Está claro que o CMH já se cansou do que vê como sendo os equívocos e o radicalismo insuficiente do governo do BJP. O primeiro-ministro Atal Behari Vajpayee é mais moderado do que seu partido; além disso, lidera um governo de coalizão e, para conseguir manter a coalizão unida, tem sido obrigado a abandonar boa parte da retórica nacionalista hindu mais extrema de seu partido. Mas a coalizão não está mais funcionando. Em eleições estaduais realizadas em todo o país, o BJP está sendo massacrado. Para os incendiários do CMH, isso pode ser a gota d'água. Por que deveriam tolerar a traição de sua agenda fascista pelo governo, quando ela nem sequer resulta em vitória eleitoral?

Assim, o fracasso eleitoral do BJP (usado pela turma do não-vamos-nos-deixar-levar para mostrar que a Índia está se afastando da política calcada nas comunidades religiosas) terá provavelmente sido a faísca que ateou o fogo. O CMH está decidido a erguer um templo hindu no local onde ficava a demolida mesquita de Ayodhya -era dali que estavam vindo os mortos de Godhra- e, numa realidade idiota, repreensível e trágica, há muçulmanos na Índia igualmente decididos a opor resistência a eles. O primeiro-ministro vem insistindo que são os tribunais indianos, notoriamente lentos, que devem decidir o que é certo ou errado no caso de Ayodhya.

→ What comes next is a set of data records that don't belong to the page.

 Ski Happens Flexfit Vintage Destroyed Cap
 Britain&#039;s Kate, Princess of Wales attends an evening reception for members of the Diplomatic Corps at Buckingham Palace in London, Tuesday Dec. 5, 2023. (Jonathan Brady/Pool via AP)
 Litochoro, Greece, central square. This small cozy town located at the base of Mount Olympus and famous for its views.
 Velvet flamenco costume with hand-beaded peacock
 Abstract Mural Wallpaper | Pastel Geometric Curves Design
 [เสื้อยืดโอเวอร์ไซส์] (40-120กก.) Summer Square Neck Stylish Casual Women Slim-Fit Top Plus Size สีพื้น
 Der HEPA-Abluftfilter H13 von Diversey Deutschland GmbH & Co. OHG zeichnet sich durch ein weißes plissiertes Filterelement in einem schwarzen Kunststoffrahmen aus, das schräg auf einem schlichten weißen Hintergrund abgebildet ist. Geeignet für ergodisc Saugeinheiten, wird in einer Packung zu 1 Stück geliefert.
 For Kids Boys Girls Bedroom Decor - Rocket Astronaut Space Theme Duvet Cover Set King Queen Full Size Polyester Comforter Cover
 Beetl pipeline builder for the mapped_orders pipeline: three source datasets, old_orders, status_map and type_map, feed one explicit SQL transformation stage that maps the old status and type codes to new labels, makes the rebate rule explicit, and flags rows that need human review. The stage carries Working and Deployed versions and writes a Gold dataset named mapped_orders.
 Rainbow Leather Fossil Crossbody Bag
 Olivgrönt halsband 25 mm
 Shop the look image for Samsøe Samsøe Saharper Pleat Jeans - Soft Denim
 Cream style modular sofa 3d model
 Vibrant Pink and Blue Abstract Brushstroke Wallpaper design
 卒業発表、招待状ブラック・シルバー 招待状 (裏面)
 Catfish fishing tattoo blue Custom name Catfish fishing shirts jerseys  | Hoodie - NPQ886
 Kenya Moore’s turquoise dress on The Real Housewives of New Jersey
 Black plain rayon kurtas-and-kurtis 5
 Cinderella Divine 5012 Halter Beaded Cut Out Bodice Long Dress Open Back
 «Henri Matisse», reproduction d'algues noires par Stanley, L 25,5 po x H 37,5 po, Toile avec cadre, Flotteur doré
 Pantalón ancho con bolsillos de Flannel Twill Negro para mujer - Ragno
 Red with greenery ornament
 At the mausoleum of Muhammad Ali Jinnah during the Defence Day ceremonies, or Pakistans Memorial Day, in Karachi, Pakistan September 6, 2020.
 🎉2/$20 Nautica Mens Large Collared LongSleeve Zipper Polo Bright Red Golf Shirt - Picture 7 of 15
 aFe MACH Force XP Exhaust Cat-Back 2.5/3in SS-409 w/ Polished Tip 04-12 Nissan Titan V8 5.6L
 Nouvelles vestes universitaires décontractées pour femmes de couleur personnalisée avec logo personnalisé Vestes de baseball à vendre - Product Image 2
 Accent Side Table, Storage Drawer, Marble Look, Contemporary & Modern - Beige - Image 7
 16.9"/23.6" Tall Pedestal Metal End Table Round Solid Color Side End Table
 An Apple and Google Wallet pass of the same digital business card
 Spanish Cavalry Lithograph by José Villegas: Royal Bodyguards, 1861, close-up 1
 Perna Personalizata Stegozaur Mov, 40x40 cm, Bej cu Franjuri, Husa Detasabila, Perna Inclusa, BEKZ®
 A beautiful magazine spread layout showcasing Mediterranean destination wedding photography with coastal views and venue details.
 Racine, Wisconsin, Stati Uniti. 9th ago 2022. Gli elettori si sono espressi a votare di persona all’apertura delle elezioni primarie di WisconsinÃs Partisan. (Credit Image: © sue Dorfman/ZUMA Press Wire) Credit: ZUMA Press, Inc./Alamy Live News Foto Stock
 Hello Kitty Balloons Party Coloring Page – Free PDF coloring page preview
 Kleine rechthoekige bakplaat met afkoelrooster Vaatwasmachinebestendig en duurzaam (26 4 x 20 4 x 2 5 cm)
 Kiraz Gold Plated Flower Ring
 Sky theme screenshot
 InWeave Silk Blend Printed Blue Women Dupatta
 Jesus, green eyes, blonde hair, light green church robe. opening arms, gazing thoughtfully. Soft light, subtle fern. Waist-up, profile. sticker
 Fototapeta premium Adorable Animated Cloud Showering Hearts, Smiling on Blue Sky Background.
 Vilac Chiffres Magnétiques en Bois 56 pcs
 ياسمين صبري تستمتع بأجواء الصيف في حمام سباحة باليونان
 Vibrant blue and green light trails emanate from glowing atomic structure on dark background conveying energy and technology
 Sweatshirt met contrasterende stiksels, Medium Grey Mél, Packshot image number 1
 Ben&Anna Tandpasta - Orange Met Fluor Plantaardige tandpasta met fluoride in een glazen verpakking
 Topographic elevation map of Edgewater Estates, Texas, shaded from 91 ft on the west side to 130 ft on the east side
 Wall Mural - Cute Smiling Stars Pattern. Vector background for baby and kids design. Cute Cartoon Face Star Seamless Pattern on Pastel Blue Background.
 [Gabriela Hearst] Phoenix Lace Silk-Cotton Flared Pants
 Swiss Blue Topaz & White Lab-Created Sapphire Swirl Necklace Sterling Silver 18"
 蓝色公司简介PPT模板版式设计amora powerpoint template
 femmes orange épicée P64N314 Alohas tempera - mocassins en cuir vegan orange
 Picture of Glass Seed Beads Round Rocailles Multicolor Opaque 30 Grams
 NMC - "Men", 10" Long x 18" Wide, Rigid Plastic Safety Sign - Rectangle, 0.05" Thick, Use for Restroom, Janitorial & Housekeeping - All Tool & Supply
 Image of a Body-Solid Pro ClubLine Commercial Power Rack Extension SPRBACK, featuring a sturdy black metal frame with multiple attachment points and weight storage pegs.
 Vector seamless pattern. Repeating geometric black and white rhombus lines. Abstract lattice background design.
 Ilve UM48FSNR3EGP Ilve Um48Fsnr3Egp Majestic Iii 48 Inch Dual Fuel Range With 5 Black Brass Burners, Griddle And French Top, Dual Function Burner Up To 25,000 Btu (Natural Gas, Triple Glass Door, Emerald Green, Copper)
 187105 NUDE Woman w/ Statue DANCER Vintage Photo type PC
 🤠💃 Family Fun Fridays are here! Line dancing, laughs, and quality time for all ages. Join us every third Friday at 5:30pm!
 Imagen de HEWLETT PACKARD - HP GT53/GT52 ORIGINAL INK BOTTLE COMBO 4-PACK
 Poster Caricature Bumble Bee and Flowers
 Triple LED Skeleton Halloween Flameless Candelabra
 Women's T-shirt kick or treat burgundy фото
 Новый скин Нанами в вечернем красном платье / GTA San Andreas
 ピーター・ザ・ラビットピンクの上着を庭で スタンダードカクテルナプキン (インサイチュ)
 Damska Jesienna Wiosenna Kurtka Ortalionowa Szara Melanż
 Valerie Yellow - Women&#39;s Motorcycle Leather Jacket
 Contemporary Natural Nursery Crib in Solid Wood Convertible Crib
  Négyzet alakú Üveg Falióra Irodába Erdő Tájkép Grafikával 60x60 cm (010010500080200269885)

Mas o CMH já se cansou de esperar.

Em carta enviada ao presidente da Índia, K.R. Arayanan, a respeitada escritora indiana Mahasveta Devi culpa o governo de Gujarat (liderado por um político de linha dura do BJP), sem falar no governo central, por fazer "muito pouco, tarde demais". Ela atribui a culpa pelos fatos às "ações motivadas, bem planejadas e provocantes" dos nacionalistas hindus. Entretanto outro escritor, o Prêmio Nobel de Literatura V.S. Naipaul, falando na Índia apenas uma semana antes da erupção de violência, denunciou os muçulmanos do país e elogiou o movimento nacionalista.

Os assassinos de Godhra precisam, sim, ser denunciados. Em sua carta, Mahasveta Devi exige que sejam adotadas "medidas legais rígidas" contra eles. Mas o CMH e sua outra organização correlata, a igualmente sinistra Rashtriya Swyamsevak Sangh, ou Associação de Voluntários Nacionais, na qual se inspiram tanto o BJP quanto o CMH, estão determinados a destruir essa democracia secular da qual a Índia tanto se orgulha, publicamente, e que ela faz tão pouco para proteger. Ao apoiá-los, V.S. Naipaul se transforma em colega viajante do fascismo e motivo de vergonha para o Prêmio Nobel.

O discurso político importa, sim, e explica muita coisa. Mas existe algo por baixo dele, alguma coisa que não queremos olhar diretamente na cara: o fato de que, na Índia, assim como em outras partes de nosso mundo cada vez mais sombrio, a religião é um veneno que está intoxicando nosso sangue. Onde a religião intervém, a mera inocência não constitui desculpa.

Entretanto continuamos a evitar a discussão do assunto, falando da religião na linguagem moderna e em voga que é a linguagem do "respeito". O que há para se respeitar nesses ou em quaisquer outros crimes que quase diariamente são cometidos pelo mundo afora em nome dessa força temida que é a religião? Quão bem a religião erige totens, com que resultados fatais, e com que facilidade nós nos dispomos a matar por eles! E, depois que o tivermos feito suficientes vezes, o entorpecimento resultante tornará mais fácil fazê-lo ainda outras.

Assim, o problema da Índia acaba revelando ser o problema do mundo. O que aconteceu na Índia aconteceu em nome de Deus. O nome do problema é Deus.

Salman Rushdie, 54, escritor britânico de origem indiana, é autor de "Os Versos Satânicos", "Fury: a Novel" e da coletânea de ensaios "Step Across This Line", ainda inédita.